Attempts to find love on dating sites lasted for 4 years, and
as a result: 12 dates (1 man = 1 date, the second was not
with no one), 0 relationships, 3 new complexes.
Complex number one is my appearance. I once had
an ardent fan on the site. Long sought, wrote without stopping.
He claimed that all his life he was looking for someone like me. Persuaded – met.

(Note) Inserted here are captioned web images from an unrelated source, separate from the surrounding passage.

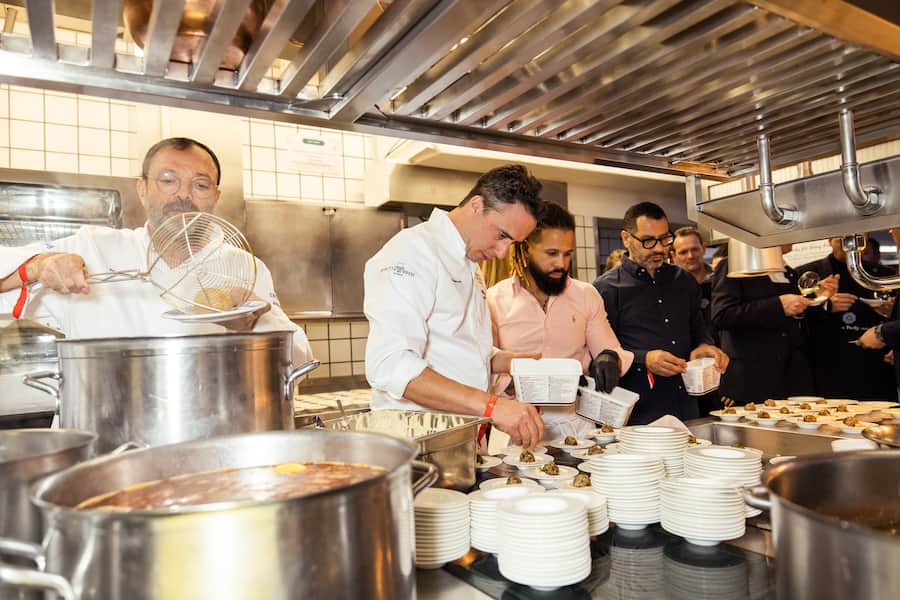 Musa Dağdeviren Fabrizio Zanetti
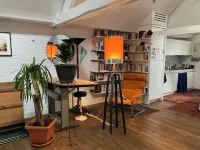 Le Loft des Artiste Est-ce que les Rapports qui Existait Hanson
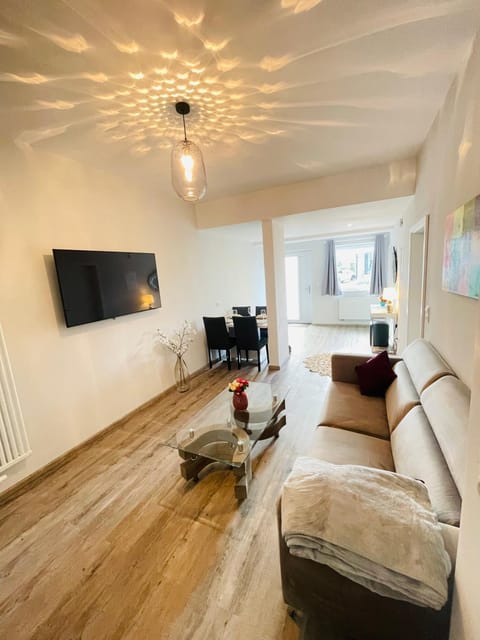 Deichblick-Carolienensiel Apartment in Wittmund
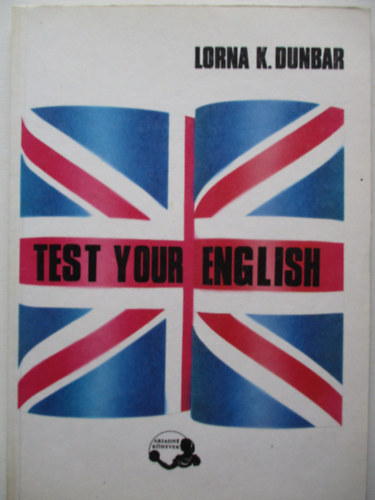 Test your english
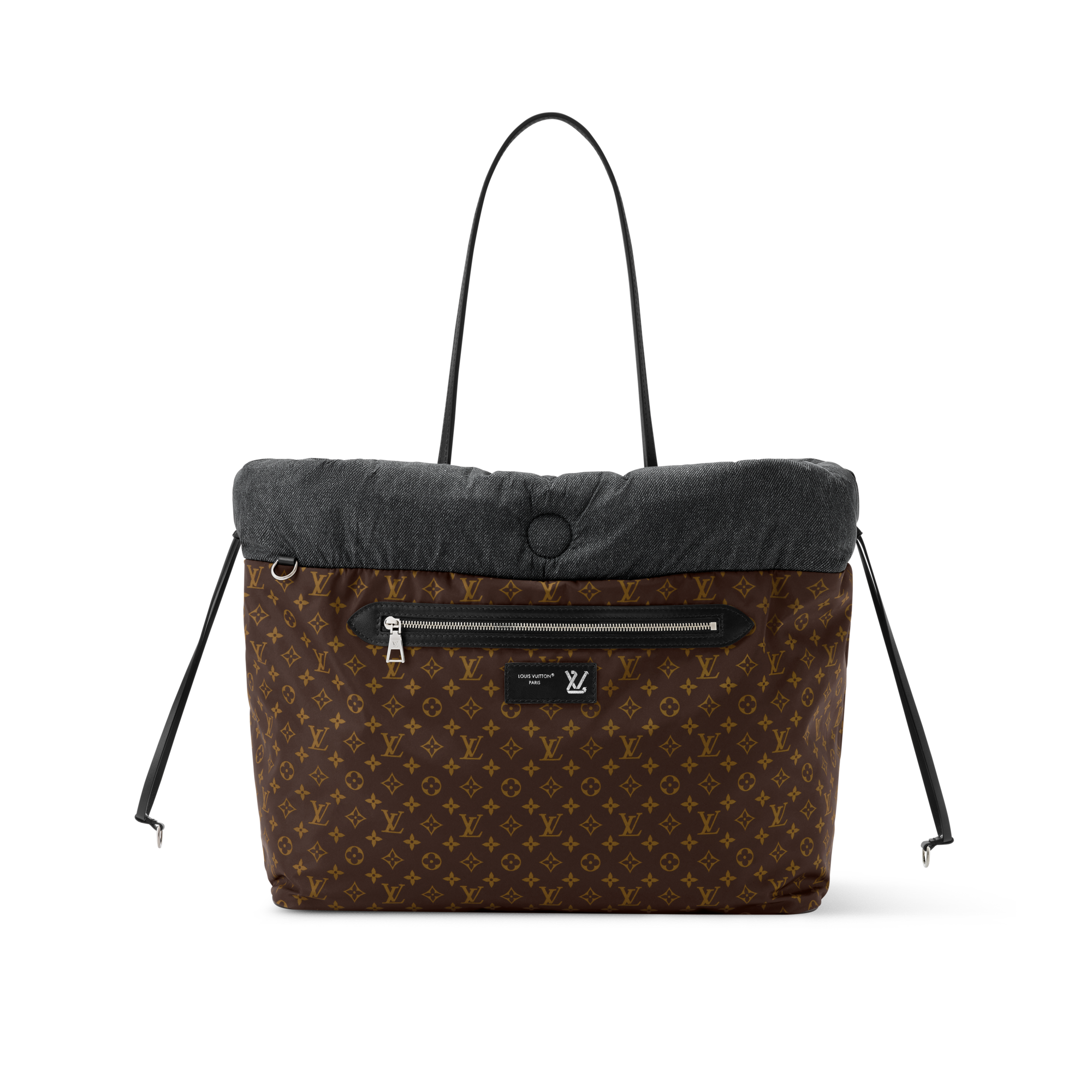 Neverfull Inside Out MM Các loại Monogram Canvas khác in Sản phẩm mới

At first glance, it seemed like a normal guy. It took us an hour
socializing in a restaurant and the more he looked at me – the colder
was becoming. I could not stand it and asked: “Am I saying something wrong?” AND
received an unexpected response: “You know, in the photos on the site you
was so much like an actress with whom I have been in love since early childhood,
all my life I dreamed of finding a girl like her. I thought that
it’s you. But in reality you are not really like her. So I
I think we will fail … “It turns out that he sought
not me, but a clone of your favorite actress. It was not me who was interested, but she was
to me. Is it worth mentioning that we have not seen again?
Conclusion number one – the photo should be placed current, but not
old, but on which you especially like yourself. Moreover –
The photo should be made in full growth. After all, a portrait photo, like
the burqa gives a man space for a flight of fantasy. Here is a list
phrases that I heard when I met in real life (after all, I have a long time
there were portrait photos): “Oh, you’re so short …”, “Oh, and on
the photo you have more beautiful hair color “,” Yes, you have full
hips … “That is, the photo on the site should be as
Complex number two is my viability. This story happened
during my time in graduate school, I then lived in a dormitory and
traveled by subway. The site had my photos from the spring trip to
Europe: I am in Paris, Berlin, Vienna. In short, I stuffed myself
price AND, в результате, познакомилась с интересным мужчиной.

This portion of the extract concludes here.